* [Exercise requirements] Write out exactly the first lines of the listing, ending on the line that contains "MINIMALISTISK VIT EN".
──────────
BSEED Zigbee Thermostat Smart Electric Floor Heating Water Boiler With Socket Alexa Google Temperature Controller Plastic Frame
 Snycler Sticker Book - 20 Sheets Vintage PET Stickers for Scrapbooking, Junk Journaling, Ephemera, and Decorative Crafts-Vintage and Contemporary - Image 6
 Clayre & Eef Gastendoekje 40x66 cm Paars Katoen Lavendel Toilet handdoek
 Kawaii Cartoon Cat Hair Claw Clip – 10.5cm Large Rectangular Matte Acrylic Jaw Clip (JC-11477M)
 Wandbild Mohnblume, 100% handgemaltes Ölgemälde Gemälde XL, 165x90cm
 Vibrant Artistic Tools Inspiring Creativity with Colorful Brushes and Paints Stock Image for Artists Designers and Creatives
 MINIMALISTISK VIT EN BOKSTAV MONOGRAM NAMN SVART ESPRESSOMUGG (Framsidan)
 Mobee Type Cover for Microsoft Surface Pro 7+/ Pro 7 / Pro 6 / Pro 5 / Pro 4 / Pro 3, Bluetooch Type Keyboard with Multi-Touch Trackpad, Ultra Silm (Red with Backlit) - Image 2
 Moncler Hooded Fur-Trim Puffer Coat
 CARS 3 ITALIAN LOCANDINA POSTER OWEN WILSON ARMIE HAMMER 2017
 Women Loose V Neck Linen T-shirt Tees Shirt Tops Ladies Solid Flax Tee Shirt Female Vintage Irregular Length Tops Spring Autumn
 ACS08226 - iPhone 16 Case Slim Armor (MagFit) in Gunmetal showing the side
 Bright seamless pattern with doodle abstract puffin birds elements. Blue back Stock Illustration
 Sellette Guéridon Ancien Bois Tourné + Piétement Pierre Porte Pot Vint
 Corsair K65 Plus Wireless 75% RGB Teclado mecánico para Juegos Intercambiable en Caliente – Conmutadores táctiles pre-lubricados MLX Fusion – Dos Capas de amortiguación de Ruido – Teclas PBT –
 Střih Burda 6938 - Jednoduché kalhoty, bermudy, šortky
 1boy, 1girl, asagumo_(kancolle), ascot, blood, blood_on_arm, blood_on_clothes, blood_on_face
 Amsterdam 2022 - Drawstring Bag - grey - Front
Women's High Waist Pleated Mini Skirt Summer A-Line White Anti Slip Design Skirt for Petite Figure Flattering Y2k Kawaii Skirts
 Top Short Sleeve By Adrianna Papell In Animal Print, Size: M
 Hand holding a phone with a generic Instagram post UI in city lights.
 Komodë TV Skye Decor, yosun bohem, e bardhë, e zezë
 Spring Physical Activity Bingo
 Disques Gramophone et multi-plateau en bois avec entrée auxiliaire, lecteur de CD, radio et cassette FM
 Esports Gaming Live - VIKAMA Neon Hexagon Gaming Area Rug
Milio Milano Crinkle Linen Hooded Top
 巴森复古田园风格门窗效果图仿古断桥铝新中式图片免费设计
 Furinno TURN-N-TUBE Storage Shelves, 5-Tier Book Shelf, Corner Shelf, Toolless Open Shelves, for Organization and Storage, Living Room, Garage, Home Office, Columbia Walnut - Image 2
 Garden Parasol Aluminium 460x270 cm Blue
──────────
* [The completed task]
BSEED Zigbee Thermostat Smart Electric Floor Heating Water Boiler With Socket Alexa Google Temperature Controller Plastic Frame
 Snycler Sticker Book - 20 Sheets Vintage PET Stickers for Scrapbooking, Junk Journaling, Ephemera, and Decorative Crafts-Vintage and Contemporary - Image 6
 Clayre & Eef Gastendoekje 40x66 cm Paars Katoen Lavendel Toilet handdoek
 Kawaii Cartoon Cat Hair Claw Clip – 10.5cm Large Rectangular Matte Acrylic Jaw Clip (JC-11477M)
 Wandbild Mohnblume, 100% handgemaltes Ölgemälde Gemälde XL, 165x90cm
 Vibrant Artistic Tools Inspiring Creativity with Colorful Brushes and Paints Stock Image for Artists Designers and Creatives
 MINIMALISTISK VIT EN BOKSTAV MONOGRAM NAMN SVART ESPRESSOMUGG (Framsidan)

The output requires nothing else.